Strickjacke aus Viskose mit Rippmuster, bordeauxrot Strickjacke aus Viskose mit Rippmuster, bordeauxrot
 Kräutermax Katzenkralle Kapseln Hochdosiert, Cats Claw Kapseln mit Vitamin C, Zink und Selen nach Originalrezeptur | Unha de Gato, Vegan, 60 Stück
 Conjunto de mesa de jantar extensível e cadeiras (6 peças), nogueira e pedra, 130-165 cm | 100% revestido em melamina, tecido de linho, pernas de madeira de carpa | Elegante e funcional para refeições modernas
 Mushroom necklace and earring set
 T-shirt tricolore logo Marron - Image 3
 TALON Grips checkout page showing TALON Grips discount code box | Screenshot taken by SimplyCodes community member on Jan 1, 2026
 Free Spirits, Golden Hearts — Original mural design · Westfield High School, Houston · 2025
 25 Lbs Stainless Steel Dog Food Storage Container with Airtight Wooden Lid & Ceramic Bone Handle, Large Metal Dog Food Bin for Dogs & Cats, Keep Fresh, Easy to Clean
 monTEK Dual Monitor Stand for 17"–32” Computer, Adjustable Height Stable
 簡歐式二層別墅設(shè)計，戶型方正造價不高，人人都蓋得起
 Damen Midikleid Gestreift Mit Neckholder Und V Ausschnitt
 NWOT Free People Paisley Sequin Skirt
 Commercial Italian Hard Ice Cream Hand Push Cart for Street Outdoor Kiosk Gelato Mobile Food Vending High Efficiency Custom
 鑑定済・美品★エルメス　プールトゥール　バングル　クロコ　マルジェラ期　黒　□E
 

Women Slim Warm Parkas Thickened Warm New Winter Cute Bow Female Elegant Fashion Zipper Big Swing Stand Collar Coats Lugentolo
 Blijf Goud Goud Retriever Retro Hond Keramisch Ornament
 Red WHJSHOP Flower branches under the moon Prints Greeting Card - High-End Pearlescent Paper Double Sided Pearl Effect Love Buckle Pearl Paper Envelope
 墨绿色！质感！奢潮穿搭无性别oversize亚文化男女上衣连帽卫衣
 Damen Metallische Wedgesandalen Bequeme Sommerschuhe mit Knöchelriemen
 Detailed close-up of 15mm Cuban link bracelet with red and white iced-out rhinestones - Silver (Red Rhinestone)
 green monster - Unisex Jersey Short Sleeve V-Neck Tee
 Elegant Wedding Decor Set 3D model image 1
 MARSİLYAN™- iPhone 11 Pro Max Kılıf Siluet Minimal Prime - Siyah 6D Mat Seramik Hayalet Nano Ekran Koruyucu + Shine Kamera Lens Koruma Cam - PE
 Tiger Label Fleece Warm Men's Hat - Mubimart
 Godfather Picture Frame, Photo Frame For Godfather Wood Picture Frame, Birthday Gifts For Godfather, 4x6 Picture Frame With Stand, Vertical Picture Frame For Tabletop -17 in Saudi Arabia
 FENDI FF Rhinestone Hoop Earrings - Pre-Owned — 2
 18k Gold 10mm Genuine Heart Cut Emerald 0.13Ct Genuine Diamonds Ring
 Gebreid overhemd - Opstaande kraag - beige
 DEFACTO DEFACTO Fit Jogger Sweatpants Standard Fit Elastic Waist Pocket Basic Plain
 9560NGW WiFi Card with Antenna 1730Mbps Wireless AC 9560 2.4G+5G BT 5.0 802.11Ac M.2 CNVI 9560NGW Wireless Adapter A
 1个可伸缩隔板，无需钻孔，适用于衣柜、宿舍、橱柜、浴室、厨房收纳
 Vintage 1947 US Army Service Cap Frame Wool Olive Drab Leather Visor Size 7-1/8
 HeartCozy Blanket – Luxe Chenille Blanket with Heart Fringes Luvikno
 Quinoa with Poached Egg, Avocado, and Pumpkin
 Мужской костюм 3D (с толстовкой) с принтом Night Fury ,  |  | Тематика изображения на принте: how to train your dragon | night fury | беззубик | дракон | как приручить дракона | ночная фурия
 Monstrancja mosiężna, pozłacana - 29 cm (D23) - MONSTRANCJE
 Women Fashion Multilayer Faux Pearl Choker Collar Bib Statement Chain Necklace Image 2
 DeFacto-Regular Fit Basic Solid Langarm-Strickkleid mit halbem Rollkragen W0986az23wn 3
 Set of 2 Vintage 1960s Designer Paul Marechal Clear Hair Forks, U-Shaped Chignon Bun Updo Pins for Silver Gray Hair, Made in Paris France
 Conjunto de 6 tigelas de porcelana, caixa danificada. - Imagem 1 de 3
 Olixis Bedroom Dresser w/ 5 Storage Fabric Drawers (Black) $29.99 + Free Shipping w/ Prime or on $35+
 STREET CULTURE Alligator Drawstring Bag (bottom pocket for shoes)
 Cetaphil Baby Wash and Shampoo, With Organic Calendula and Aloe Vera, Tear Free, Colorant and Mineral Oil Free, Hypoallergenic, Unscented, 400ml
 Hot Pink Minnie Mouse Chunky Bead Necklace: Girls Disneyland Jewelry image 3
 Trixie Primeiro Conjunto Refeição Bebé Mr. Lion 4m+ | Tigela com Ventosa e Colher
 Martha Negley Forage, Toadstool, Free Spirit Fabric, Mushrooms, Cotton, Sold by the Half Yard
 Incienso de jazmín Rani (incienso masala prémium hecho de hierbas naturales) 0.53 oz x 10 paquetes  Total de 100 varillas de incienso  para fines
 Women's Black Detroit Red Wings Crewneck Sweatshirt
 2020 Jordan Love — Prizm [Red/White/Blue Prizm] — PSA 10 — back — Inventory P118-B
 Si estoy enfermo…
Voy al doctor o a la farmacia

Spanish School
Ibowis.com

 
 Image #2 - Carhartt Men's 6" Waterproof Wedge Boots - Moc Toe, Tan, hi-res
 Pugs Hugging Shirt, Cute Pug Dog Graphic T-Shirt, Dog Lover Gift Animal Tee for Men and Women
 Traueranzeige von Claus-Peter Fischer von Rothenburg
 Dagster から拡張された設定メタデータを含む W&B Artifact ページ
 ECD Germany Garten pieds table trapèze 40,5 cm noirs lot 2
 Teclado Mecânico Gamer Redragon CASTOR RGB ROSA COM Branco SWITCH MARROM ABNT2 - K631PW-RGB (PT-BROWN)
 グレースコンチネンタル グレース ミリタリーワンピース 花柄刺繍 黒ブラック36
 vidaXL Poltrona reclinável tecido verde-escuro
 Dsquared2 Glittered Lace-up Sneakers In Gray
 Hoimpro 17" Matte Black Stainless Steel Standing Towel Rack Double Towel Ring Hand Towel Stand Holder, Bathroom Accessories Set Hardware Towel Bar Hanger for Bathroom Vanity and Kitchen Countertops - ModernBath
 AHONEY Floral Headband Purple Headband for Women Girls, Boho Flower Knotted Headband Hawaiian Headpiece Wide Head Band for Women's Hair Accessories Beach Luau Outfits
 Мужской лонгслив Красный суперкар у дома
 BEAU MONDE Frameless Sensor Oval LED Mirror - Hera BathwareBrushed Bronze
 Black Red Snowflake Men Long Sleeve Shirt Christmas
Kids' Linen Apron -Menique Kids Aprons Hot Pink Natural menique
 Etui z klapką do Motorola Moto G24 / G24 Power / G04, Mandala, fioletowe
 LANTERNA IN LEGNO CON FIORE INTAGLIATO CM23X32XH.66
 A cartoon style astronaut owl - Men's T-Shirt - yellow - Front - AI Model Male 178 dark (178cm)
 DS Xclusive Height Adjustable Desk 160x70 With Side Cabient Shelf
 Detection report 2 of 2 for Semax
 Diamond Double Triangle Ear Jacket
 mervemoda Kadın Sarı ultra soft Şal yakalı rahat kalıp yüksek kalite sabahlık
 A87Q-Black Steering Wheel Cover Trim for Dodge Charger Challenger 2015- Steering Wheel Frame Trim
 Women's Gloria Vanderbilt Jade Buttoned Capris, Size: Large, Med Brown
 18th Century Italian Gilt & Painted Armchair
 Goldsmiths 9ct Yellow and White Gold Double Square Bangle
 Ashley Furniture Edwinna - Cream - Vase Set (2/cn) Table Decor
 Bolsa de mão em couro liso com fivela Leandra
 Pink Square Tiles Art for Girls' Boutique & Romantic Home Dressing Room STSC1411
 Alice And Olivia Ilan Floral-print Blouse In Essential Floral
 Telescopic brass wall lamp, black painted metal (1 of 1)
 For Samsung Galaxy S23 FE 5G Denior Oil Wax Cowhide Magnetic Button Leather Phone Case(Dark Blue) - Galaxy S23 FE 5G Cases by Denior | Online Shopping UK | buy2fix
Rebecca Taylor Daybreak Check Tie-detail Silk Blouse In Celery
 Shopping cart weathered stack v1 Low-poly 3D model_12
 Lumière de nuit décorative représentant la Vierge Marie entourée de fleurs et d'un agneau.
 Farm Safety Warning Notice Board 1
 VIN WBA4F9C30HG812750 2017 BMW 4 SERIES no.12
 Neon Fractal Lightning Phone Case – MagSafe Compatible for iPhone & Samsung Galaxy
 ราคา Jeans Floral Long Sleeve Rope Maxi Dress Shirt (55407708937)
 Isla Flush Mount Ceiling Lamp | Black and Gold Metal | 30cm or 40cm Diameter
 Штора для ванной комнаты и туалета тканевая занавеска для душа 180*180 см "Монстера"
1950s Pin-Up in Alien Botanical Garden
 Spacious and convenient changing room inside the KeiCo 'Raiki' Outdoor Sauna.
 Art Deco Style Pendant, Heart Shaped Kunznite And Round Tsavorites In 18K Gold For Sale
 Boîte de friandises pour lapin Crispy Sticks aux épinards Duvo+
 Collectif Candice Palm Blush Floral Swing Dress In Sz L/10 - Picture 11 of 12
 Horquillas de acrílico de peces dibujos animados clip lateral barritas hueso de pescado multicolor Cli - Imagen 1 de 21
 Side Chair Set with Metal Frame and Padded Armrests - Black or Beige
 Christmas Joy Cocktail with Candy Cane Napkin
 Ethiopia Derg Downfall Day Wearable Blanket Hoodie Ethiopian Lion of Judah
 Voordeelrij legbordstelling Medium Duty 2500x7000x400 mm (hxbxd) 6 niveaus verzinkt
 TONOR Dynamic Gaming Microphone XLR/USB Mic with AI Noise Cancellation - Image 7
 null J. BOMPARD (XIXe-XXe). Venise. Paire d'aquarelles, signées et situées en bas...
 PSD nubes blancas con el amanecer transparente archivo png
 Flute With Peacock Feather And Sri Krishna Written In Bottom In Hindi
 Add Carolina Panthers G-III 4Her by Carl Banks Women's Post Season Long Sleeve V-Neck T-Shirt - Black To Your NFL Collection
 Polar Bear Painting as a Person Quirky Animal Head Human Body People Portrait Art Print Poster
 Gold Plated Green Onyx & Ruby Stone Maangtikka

▸ **Task details**
A word-for-word copy of the lines above from the one with "Women's Gloria Vanderbilt" through the one with "VIN WBA4F9C30HG812750 2017", inclusive, is the only output wanted.

▸ **Answer area**
 Women's Gloria Vanderbilt Jade Buttoned Capris, Size: Large, Med Brown
 18th Century Italian Gilt & Painted Armchair
 Goldsmiths 9ct Yellow and White Gold Double Square Bangle
 Ashley Furniture Edwinna - Cream - Vase Set (2/cn) Table Decor
 Bolsa de mão em couro liso com fivela Leandra
 Pink Square Tiles Art for Girls' Boutique & Romantic Home Dressing Room STSC1411
 Alice And Olivia Ilan Floral-print Blouse In Essential Floral
 Telescopic brass wall lamp, black painted metal (1 of 1)
 For Samsung Galaxy S23 FE 5G Denior Oil Wax Cowhide Magnetic Button Leather Phone Case(Dark Blue) - Galaxy S23 FE 5G Cases by Denior | Online Shopping UK | buy2fix
Rebecca Taylor Daybreak Check Tie-detail Silk Blouse In Celery
 Shopping cart weathered stack v1 Low-poly 3D model_12
 Lumière de nuit décorative représentant la Vierge Marie entourée de fleurs et d'un agneau.
 Farm Safety Warning Notice Board 1
 VIN WBA4F9C30HG812750 2017 BMW 4 SERIES no.12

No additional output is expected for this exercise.